Para Pasolini, «a diferencia de los ‘len-signos’, es decir, de los signos lingüísticos, escritos y orales, los ‘im-signos’ no pertenecen a un sistema simbólico, sino iconográfico, son signos de ‘vida’» (Pasolini: Cine de poesía, Anagrama, 1970).
Al mencionar a Munch y relacionarlo con Cestero no busco —de ninguna manera— peligrosas analogías entre una y otra obra.
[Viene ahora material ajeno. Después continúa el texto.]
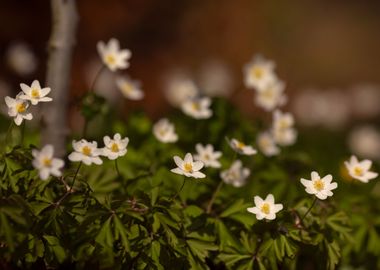 Spring flowers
Simplemente he deseado establecer alguna frontera, alguna línea de identificación entrambas, aún y cuando sus artes —centrados en la experiencia humana— se distancien desde el punto síquico que referencia los sentimientos.
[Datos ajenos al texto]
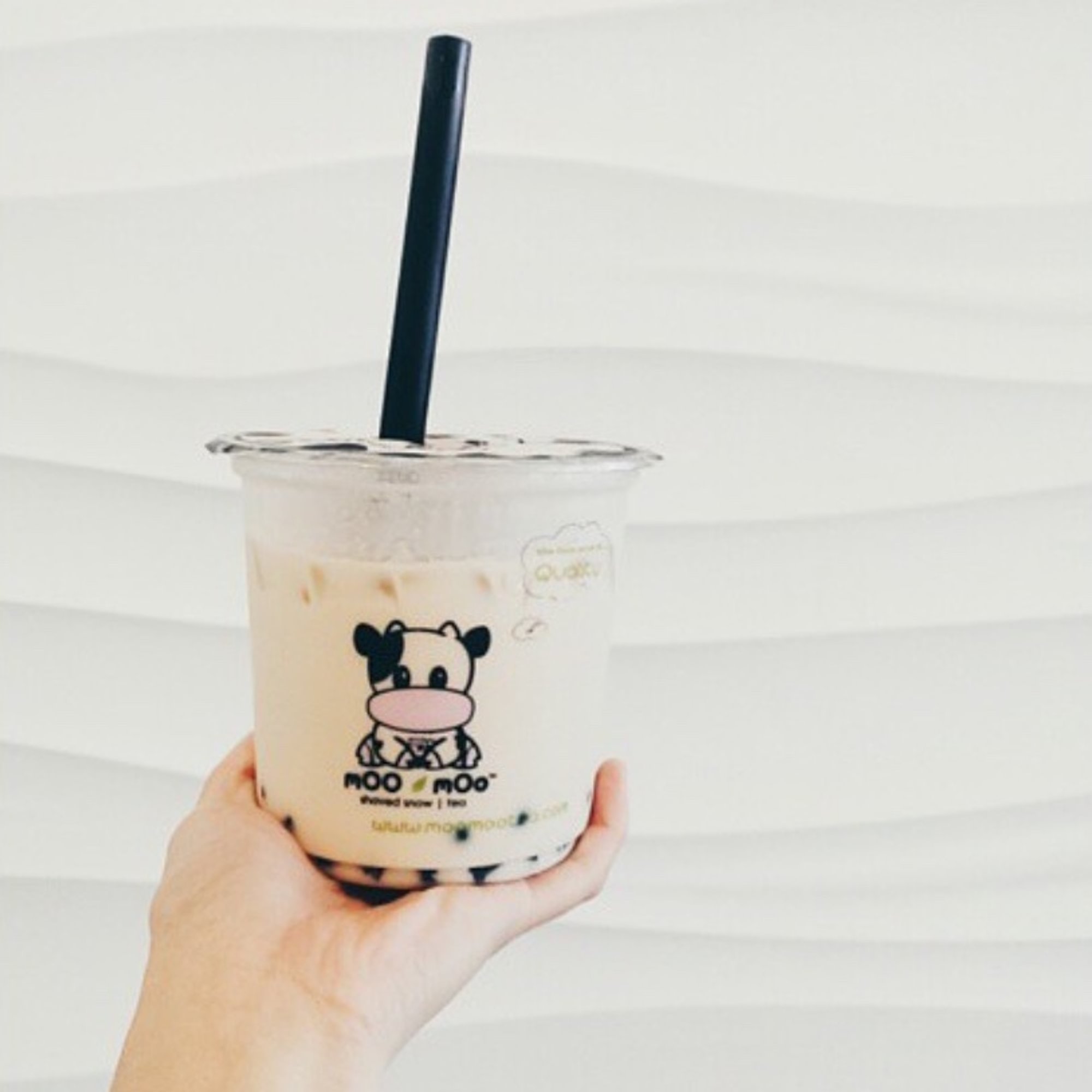 Coconut Milk Tea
En Munch como en Cestero el recuerdo es un eco, una reverberación donde el ser, como sujeto, es la memoria misma de la obra y, por lo tanto, su protagonista, aunque en el pintor noruego las degradaciones de color revierten lo que el pintor dominicano lleva a la exaltación de su virtuosismo: las pinceladas policromáticas de los contornos, esas diminutas pero poderosas manifestaciones de un modernismo tardío pero eterno, y que Cestero ha doblegado para provecho, no de su modus operandi, sino de todos los que, como yo, le agradecemos haber implementado un sistema que ha devuelto a la perdida memoria de la materia arquitectónica colonial urbana, el espíritu de su pasado.